The suggestions in this book will help you think better and better manage yourself, and be more productive and less wasteful with your time and energy. In short, you will do more with less.
Some of Brooks insights and generalizations are:
The Mythical Man-Month:
Assigning more programmers to a project running behind schedule, may make it even more late.
The Second-System Effect:
The second system an engineer designs is the most bloated system she will EVER design.
Conceptual Integrity:
To retain conceptual integrity and thereby user-friendliness, a system must have a single architect (or a small system architecture team), completely separate from the implementation team.
The Manual:
The chief architect should produce detailed written specifications for the system in the form of the manual, which leaves no ambiguities about any part of the system and completely specifies the external spcifications of the system i.e. what the user sees.
Pilot Plant:
When designing a new kind of system, a team should factor in the fact that they will have to throw away the first system that is built since this first system will teach them how to build the system. The system will then be completely redesigned using the newly acquired insights during building of the first system. This second system will be smarter and should be the one delivered to the customer.
Formal Documents:
Every project manager must create a roadmap in the form of formal documents which specifies milestones precisely and things like who is going to do what and when and at what cost.
Communication:
In order to avoid disaster, all the teams working on a project, such as the architecture and implementation teams, should stay in contact with each other in as many ways as possible and not guess or assume anything about the other. Ask whenever there's a doubt. NEVER assume anything.

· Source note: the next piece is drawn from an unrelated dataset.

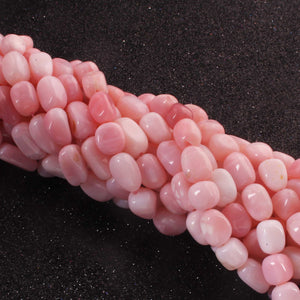 1 Strand Pink  Opal Smooth Tumble Shape Beads,  Plain Nuggets Gemstone Beads 10mmx9mm-14mmx8mm 13 Inches BR02829 - Tucson Beads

Code Freeze and System Versioning:
No customer ever fully knows what she wants from the system she wants you to build. As the system begins to come to life, and the customer interacts with it, he understands more and more what he really wants from the system and consequently asks for changes. These changes should of course be accomodated but only upto a certain date, after which the code is frozen. All requests for more changes will have to wait until the NEXT version of the system. If you keep making changes to the system endlessly, it may NEVER get finished.
Specialized Tools:
Every team should have a designated tool maker who makes tools for the entire team, instead of all individuals developing and using their private tools that no one else understands.
No silver bullet:
There is no single strategy, technique or trick that will exponentially raise the productivity of programmers.